Updated: November 1, 2013 6:07AM



VALPARAISO — The city’s parks will become safer in a month for those in emergency situations — with 911 GPS finders.

Likewise, the pathways system of hiking and biking trails will have the same program, if not within a month then in spring.

The Parks Department is putting signs in the parks that give a 911 location, such as “Valpo-17,” which people can give to emergency services should they need to call.

For the pathways, the department will put stickers every quarter mile providing a location that people can give to the 911 operators when necessary.

“This will help with guests that aren’t familiar with the area,” recreation coordinator Dan McGuire said.

Each park will have a sign on the shelter or on an existing sign post, but bigger parks like Rogers-Lakewood and Old Fairgrounds will have multiple ones.

The pathways are possibly more confusing for people because they stretch for miles.

“If you’re on the Cumberland loop, how do you describe where you are,” Parks Director John Seibert said.

The 24 signs and the pathway stickers will come to the city within a month, Seibert told the Park Board at Wednesday’s meeting.

The stickers will be flush with the path because the parks department can’t put sign posts in people’s yards along the pathways.

An early snow could delay the pathway installation until spring.

Also at the meeting, local activist Duane Davison and Executive Director Therese Davis of the Recycling and Waste Reduction District of Porter County joined Seibert in a presentation on introducing recycling to the parks.
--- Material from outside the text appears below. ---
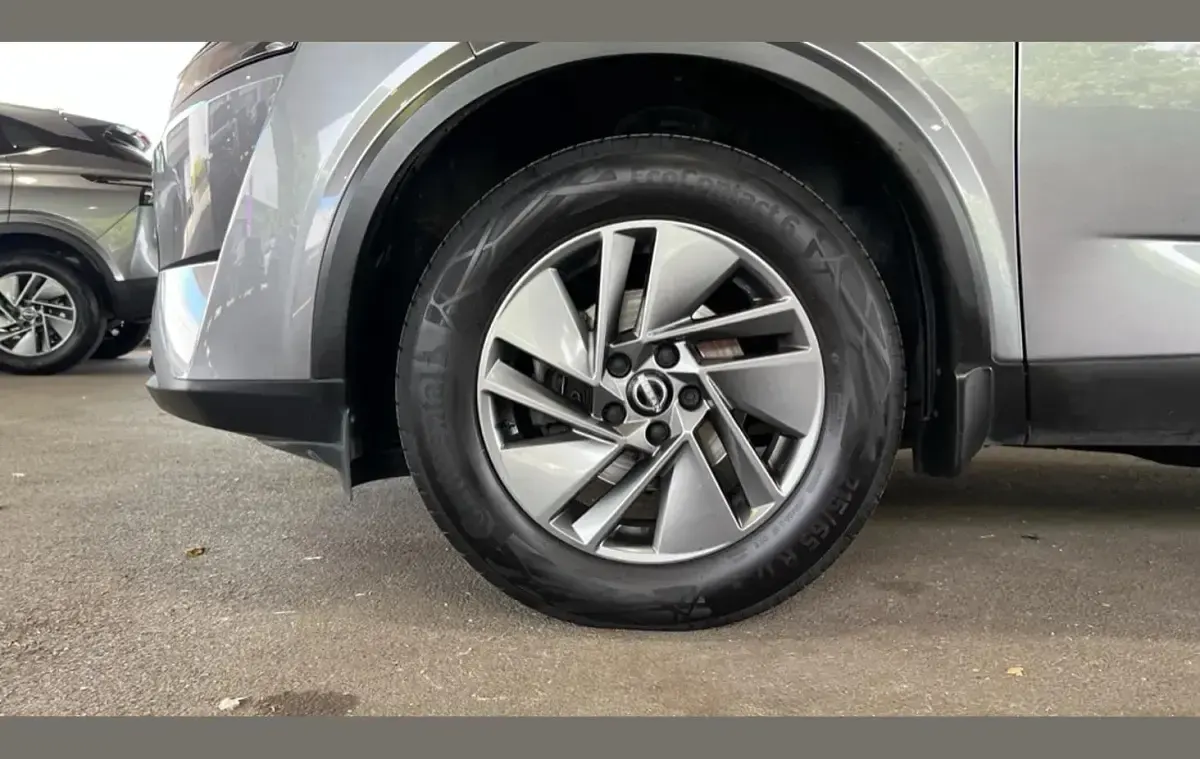 Used Nissan Qashqai Acenta Premium 138 HP (101 kW) 2022 Grey SUV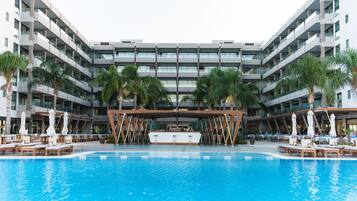 Outdoor pool, pool loungers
They hope to have a program in place come spring, although that will cost about $83,000 for equipment, including a 4-ton pickup, a permanent hopper for the back of the truck, 312 garbage toters and 312 recycling toters.

The toters would be lifted by machine, allowing one worker to handle all the collection.

The department currently collects trash in more than 200 55-gallon barrels at the parks, using two workers to load the barrels on a dump truck and dump them, then return them to the parks.

Davison said there should also be savings in trash tipping fees with the recycling taken out.

Seibert said it would also cut down on worker back injuries.

Davis said her department will help find grants for the project, and Seibert said the parks will look for funding and partners in the project.